De curator heeft zich daartegenover op het standpunt gesteld dat de gehele bedrijfsinventaris in de boedel valt nu de vermeende eigenaren hun eigendomsaanspraken niet hebben

aangetoond. Na overleg met de Belastingdienst heeft de curator ingestemd met een

internetveiling onder de voorwaarde dat de verkoopopbrengst in depot zou worden gestort bij het veilingbureau.

Met de Belastingdienst bestaat een tijdrovende discussie over de vraag wie een deel van de verkoopopbrengst toekomt (mede omdat op zeker moment bleek dat het dossier bij de Belastingdienst in het ongerede was geraakt). De Belastingdienst heeft ondanks herhaalde toezegging verzuimd zorg te dragen voor betaling van het deel van de verkoopopbrengst waarvan zij erkent dat deze de boedel toekomt.
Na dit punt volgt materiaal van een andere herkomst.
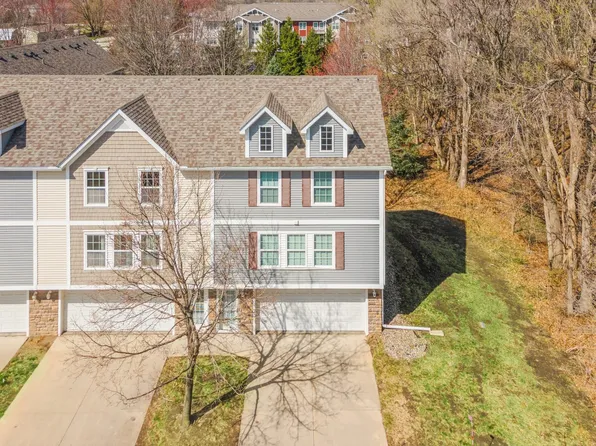 5553 Kenton Ln, Johnston, IA 50131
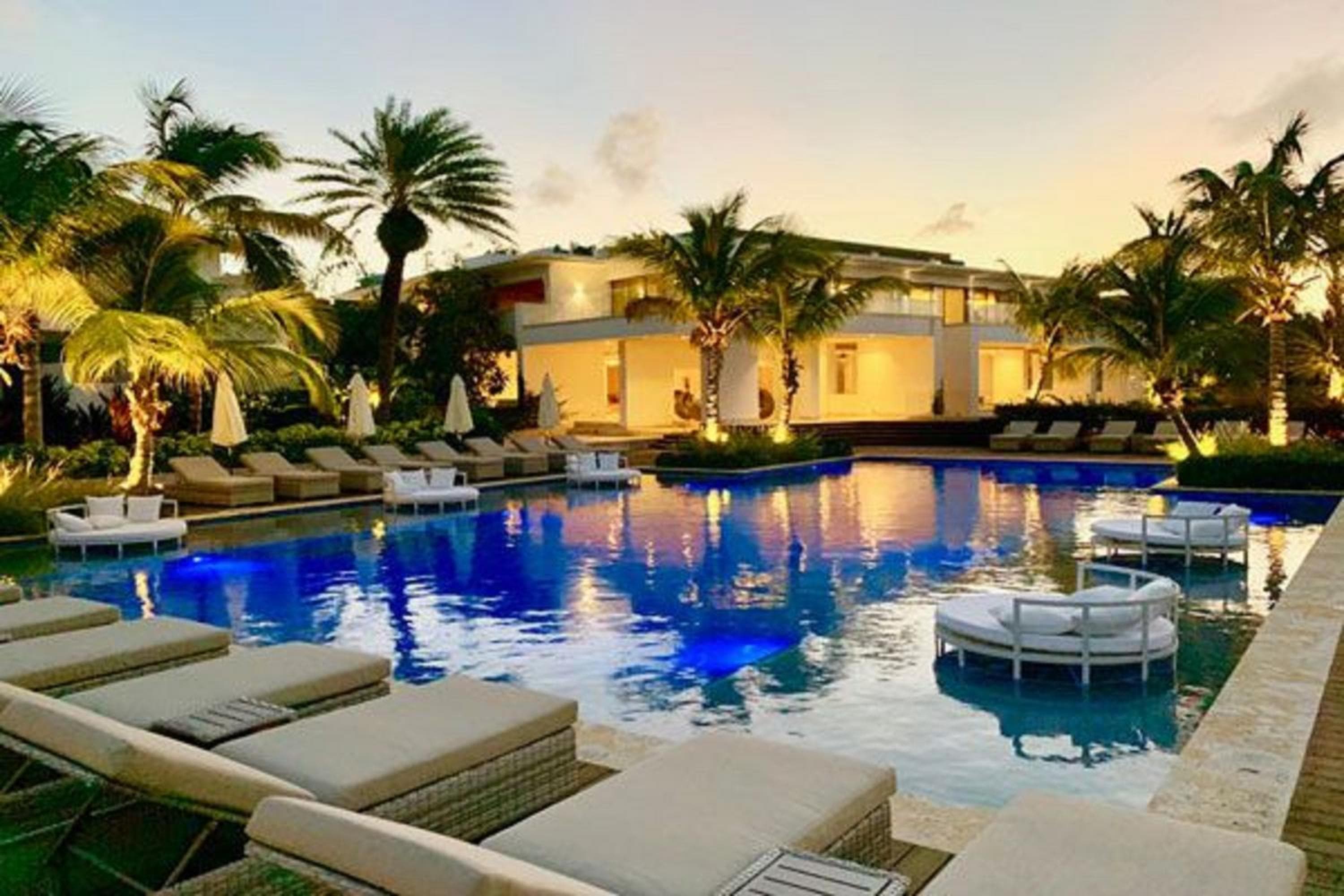 Hodges Bay Resort & Spa, an HQ Luxury Resort & Residences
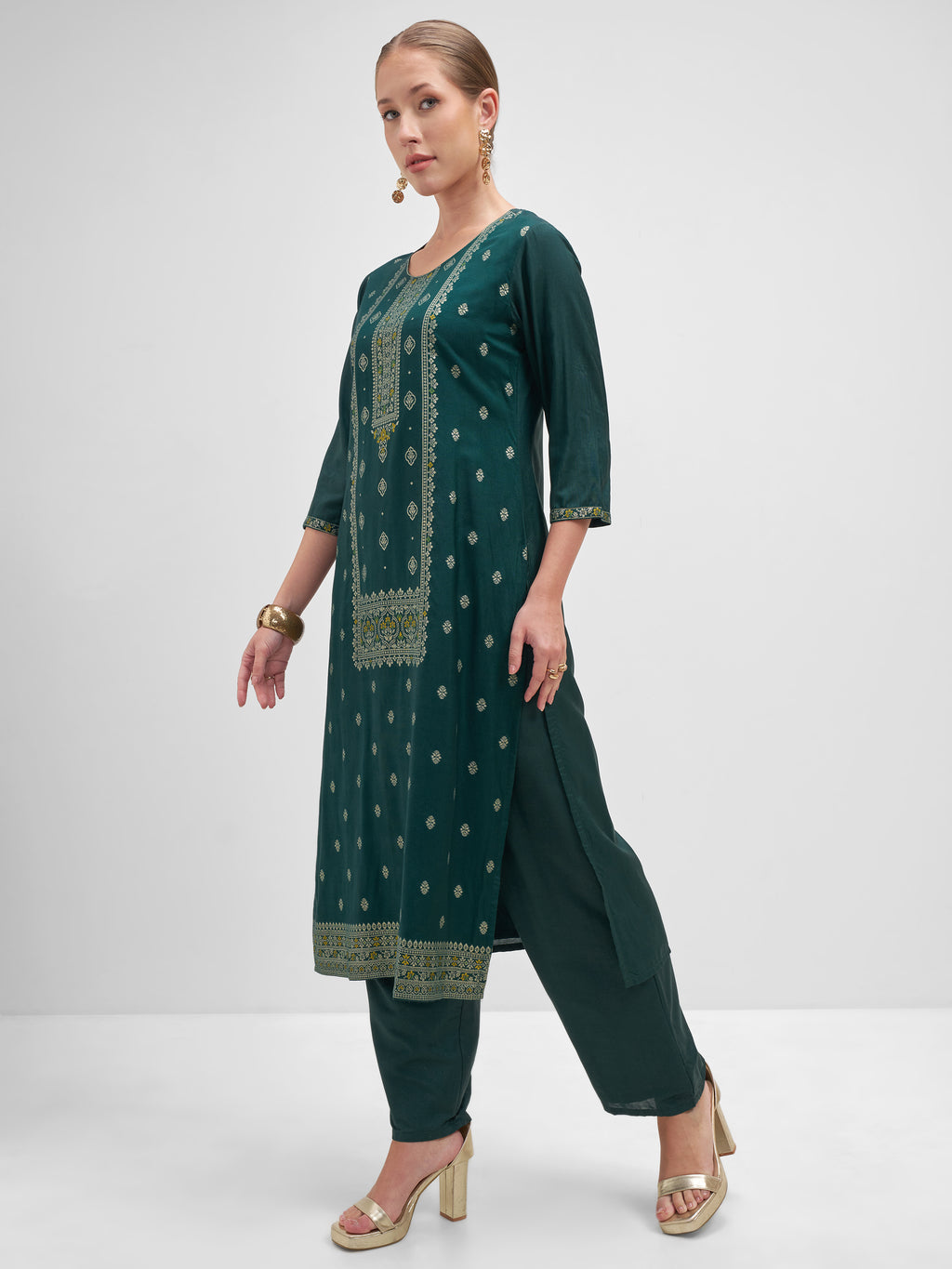 Vishudh Women Teal Embroidered Kurta And Trouser With Dupatta - Teal - Image 2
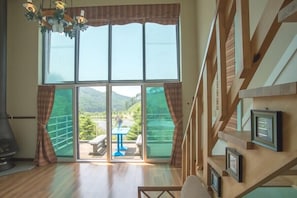 Room (Hyunny) | Living area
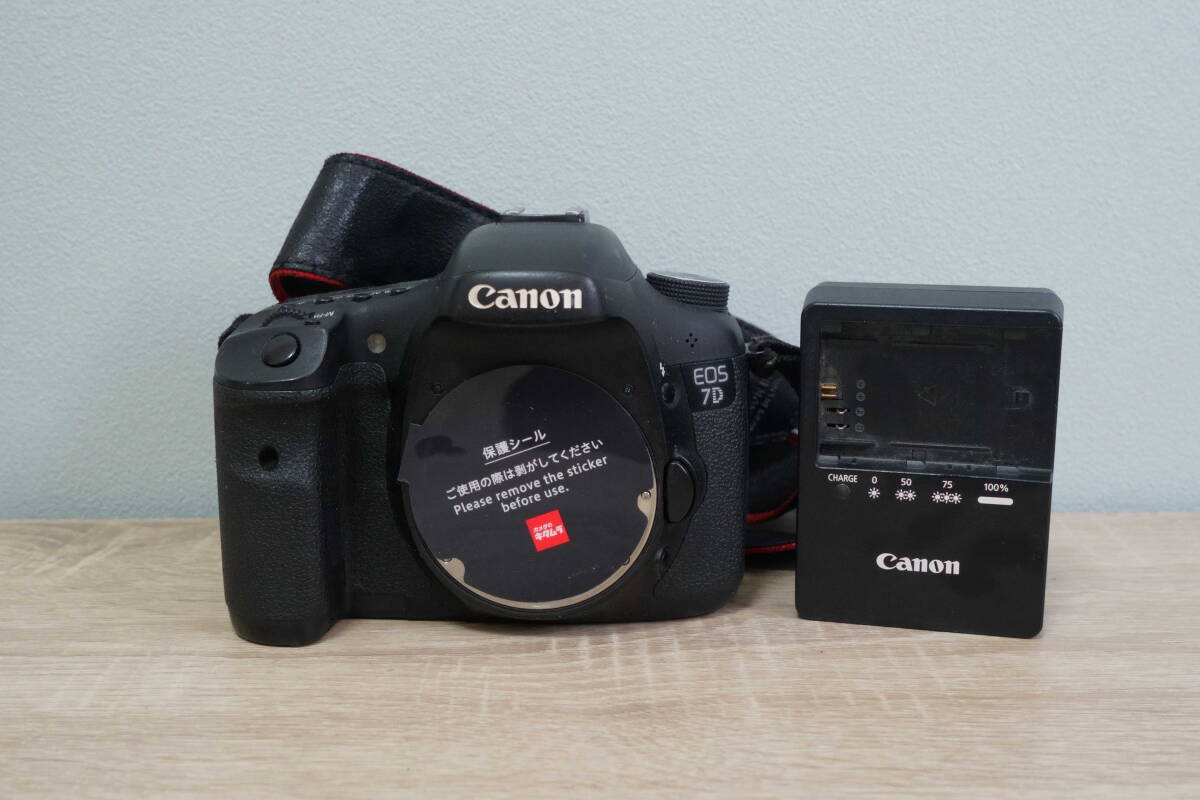 CANON キャノン EOS 7D 本体 バッテリー 充電器 メモリーカード CF すぐ使える拍卖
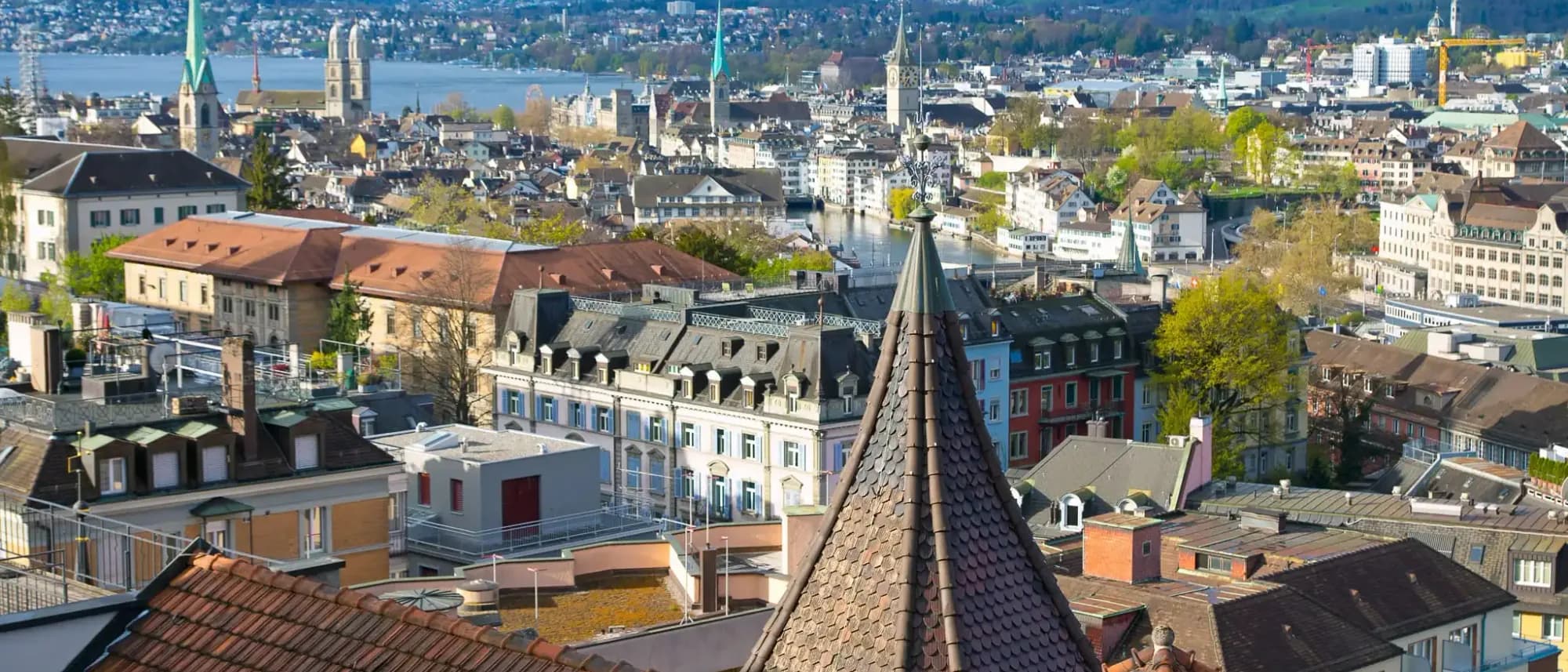 Blick über die Dächer der Region Zürich mit dem See im Hintergrund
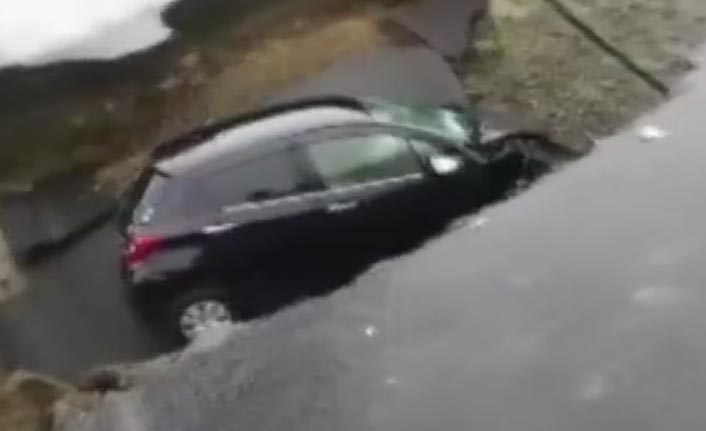 Çöken yola otomobil düştü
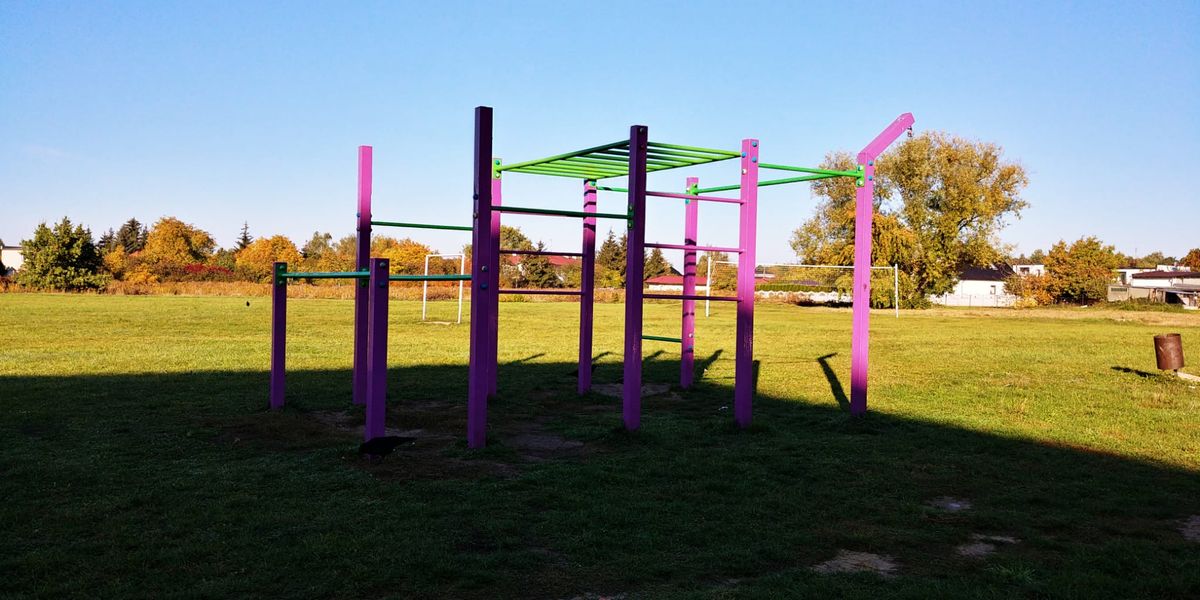 Szamotuły - Calisthenics Gym - Boisko piłkarskie Orlik - Poland - Spot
Bij de Belastingdienst is een nieuwe

dossierbehandelaar aangesteld, waarmee getracht zal worden tot een totaaloplossing te komen.

3.3 Verkoopopbrengst

De netto verkoopopbrengst van de roerende zaken bedraagt EUR 47.202,51.

(5)

3.4 Boedelbijdrage

(Nog) niet van toepassing

3.5 Bodemvoorrecht fiscus Zie hiervoor onder 3.2.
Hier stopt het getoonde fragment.